# Hi!



## Teenybits (Jun 3, 2016)

I am new to mice and want to learn more as I intend to have some with eventual goal of keeping a feeder community for my cats; purely because it's unavailable locally. I am from Singapore and hope to know other fancier breeders locally.


----------



## Lilly (Nov 21, 2015)

Wow, welcome to the forum and great to meet someone from a completely different country


----------



## Laigaie (Mar 7, 2011)

Glad to have you! It's been ages since I've seen either a breeder in Singapore OR someone breeding for cat feeders!


----------



## Teenybits (Jun 3, 2016)

Hi Lily, 
Thank you.

Hi Laigaie,
Thank you. I think I probably be the first here to think about this as a feeder for my cats! Might be unheard of. I have actually wanted feeding this years back but pop this idea quickly. But as I am embarking on full raw for my cats, I become more serious on this. Definitely it will be exhausting to think about having both and excelling so i am taking sometime to know more about this hobby too. o want the best for the mice too.


----------



## WoodWitch (Oct 18, 2009)

Nah, I've been an advocate of the "mouse diet for cats" for years. Sorry 

I breed for exhibition primarily, but my cat gets all my culls and that's all he gets. I think it's great so welcome to our forum! 
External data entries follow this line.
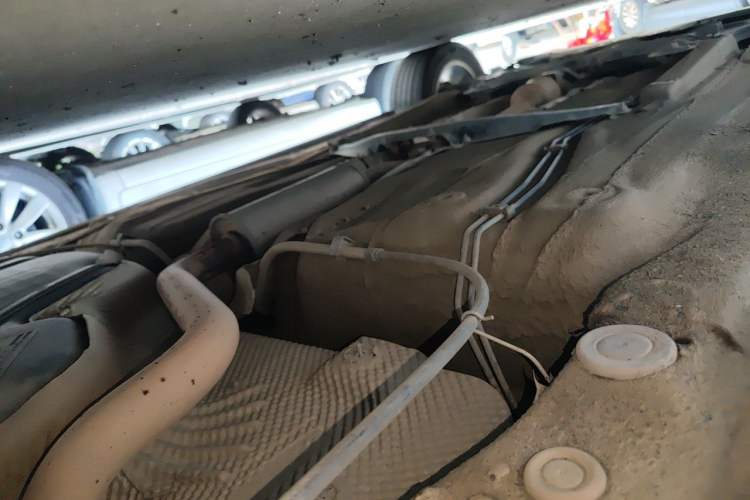 Used Volkswagen Bora 2018 1.5L Manual Comfort Model Chassis Rear Left
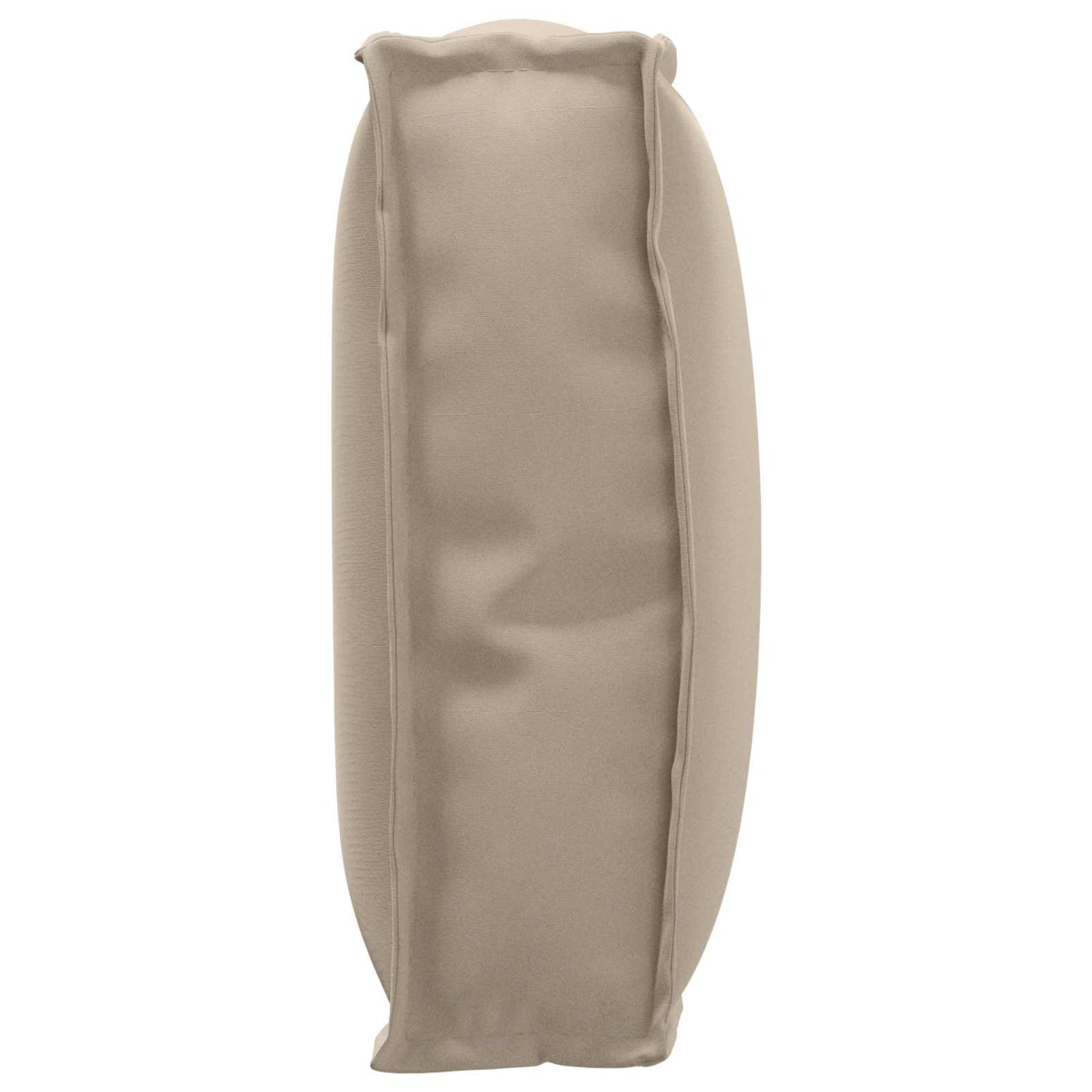 Pude Gråbrun 60 x 40 x 12 cm Oxford stof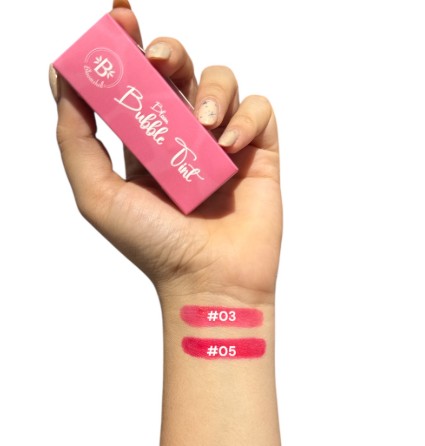 Bubble Tint Bloomshell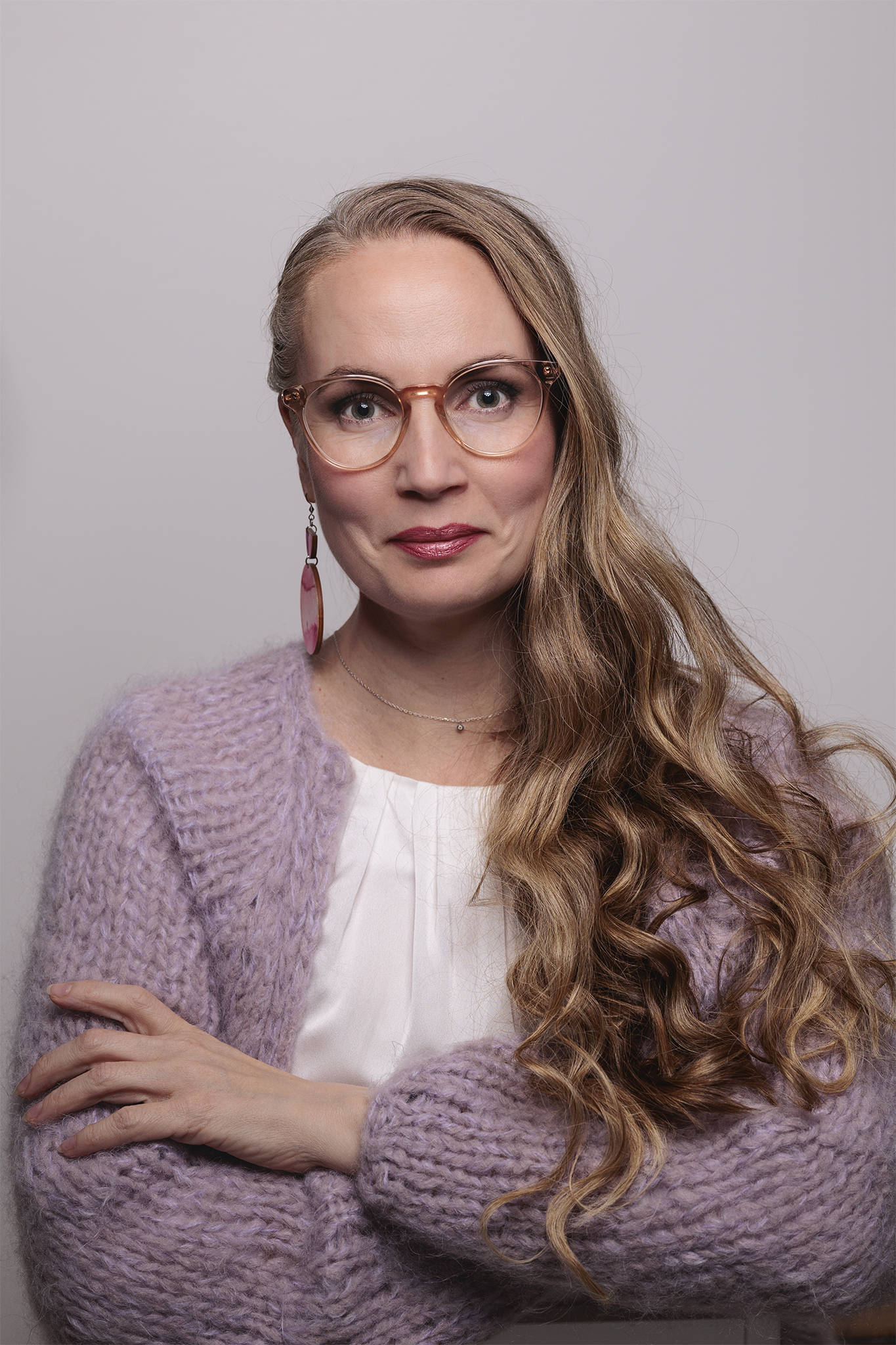Mari Lahti: ”Hyvä elämä ei saa olla tuurista kiinni”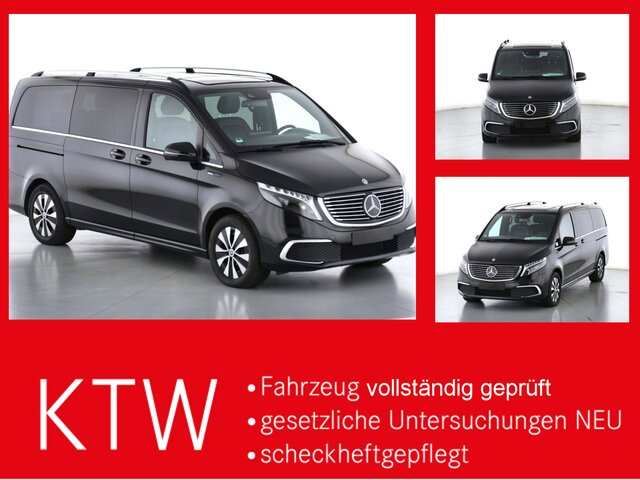 MERCEDES-BENZ EQV 300 Avantgarde,lang,6Sitze,2xSchiebetür el. - Pulmino, Furgone elettrico: foto 1 MERCEDES-BENZ EQV 300 Avantgarde,lang,6Sitze,2xSchiebetür el. - Pulmino, Furgone elettrico: foto 1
viewtopic.php?f=12&t=10188&hilit=mouse+diet+for+cats


----------



## Teenybits (Jun 3, 2016)

Laigaie,
What's the mice in your avatar? I like it! I like satin even in my Syrian as well.

Wood witch, 
Sorry, I was not clear. I mention I am in Singapore. It's definitely not common and even Super rare. But it's possible overseas especially US as there is even suppliers of frozen. I was afraid of saying I am a feeder breeder and Glad I won't be ostracised. It's great to know your cat gets your cull. I know I am not allowed in the cull forum.. But I do want to learn how it's done eventually. also, I really need a lot a mice for my cats and thinking through, it's highly impossible and probably only be part of their diet. So I hope to have nice ones to share the breed around too.


----------



## Laigaie (Mar 7, 2011)

The mice in my profile pic are one of my very first litters, satin dove and argente.


----------



## Teenybits (Jun 3, 2016)

great!


----------



## Teenybits (Jun 3, 2016)

Hi, could I check if the cull forum is still active? Can I join and how to do so? Thanks.


----------